Dans la lumière blanche, un périmètre invisible se dessine avec du fil de pêche. On suit ce fil tendu par Maguy Marin. Il est comme un lien transparent qui appelle à la mobilisation. Les danseurs s’en saisissent. De la salle, ils montent sur la scène.

Noir. On est entré en plongée dans l’esthétique de Salves. L’histoire se joue dans un entre-temps où le noir n’est pas tout à fait noir, où les bobines des vieux magnétos à bandes se mettent à tourner, à s’arrêter pour reprendre dans un autre sens. Le langage chorégraphique aspire comme les grandes vagues de l’océan. Maguy Marin nous retourne, flirtant par moment avec l’expression cinématographique entre White Material de Claire Denis et The Very black Show de Spike Lee.

Sur cette scène à quatre entrées, une mutation sociale inédite accélère le cours des choses. Dans une métrie du temps et de la lumière, l’histoire défile en diagonale. Les tableaux apparaissent et  s’éteignent. Ce noir qui occupe la majeure partie de l’espace, élargit l’imaginaire. L’édifice scénique se construit et se déconstruit à mains d’hommes et de femmes. La cadence est rapide, on ressent la tension de la mécanique en ne percevant que des segments. Les corps se soulèvent de la nuit.

Le danger est palpable.

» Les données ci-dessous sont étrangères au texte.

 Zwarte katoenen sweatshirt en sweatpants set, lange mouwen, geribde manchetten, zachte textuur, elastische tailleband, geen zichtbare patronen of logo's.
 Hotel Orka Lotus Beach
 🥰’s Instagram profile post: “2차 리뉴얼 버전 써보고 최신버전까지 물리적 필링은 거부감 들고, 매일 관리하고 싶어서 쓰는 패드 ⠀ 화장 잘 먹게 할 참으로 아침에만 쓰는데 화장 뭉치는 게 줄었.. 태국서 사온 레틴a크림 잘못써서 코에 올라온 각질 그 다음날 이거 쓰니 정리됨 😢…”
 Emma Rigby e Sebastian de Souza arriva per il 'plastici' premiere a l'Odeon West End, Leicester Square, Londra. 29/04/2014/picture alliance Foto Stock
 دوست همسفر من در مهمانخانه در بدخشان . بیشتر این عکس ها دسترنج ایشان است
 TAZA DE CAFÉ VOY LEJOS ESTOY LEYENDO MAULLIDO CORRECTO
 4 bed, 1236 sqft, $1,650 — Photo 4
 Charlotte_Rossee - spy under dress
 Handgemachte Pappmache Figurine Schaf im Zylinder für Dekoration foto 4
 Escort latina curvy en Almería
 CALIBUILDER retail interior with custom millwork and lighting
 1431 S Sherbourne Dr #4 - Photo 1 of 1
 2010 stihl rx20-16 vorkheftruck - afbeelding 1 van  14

Il est même permanent comme un trou d’air gigantesque. Une culture  hors sol où tout le monde est devenu clandestin. On s’efforce de recoller les morceaux précieux de l’identité collective. Mais il y a des pertes. Des assiettes se cassent, des corps s’effondrent, s’enfouissent, disparaissent. Les danseurs résistent collectivement pour ne pas être balayés.

Résistance

Maguy Marin sait jouir de sa liberté et elle est généreuse. Ce qui lui donne une force sans beaucoup d’équivalent sur la scène de la danse contemporaine française. Depuis vingt ans, elle répond à une exigence artistique débridée. L’artiste n’a jamais tourné le dos à l’absurde, mais sa critique moqueuse a toujours du sens. Salves affirme une prédilection pour le monde nocturne. Les humains agissent dans le noir. Un langage s’invente, fait de rythmes et de mouvements. Il traduit l’ébranlement de la cohésion sociale fondée sur des siècles d’Histoire et de valeurs.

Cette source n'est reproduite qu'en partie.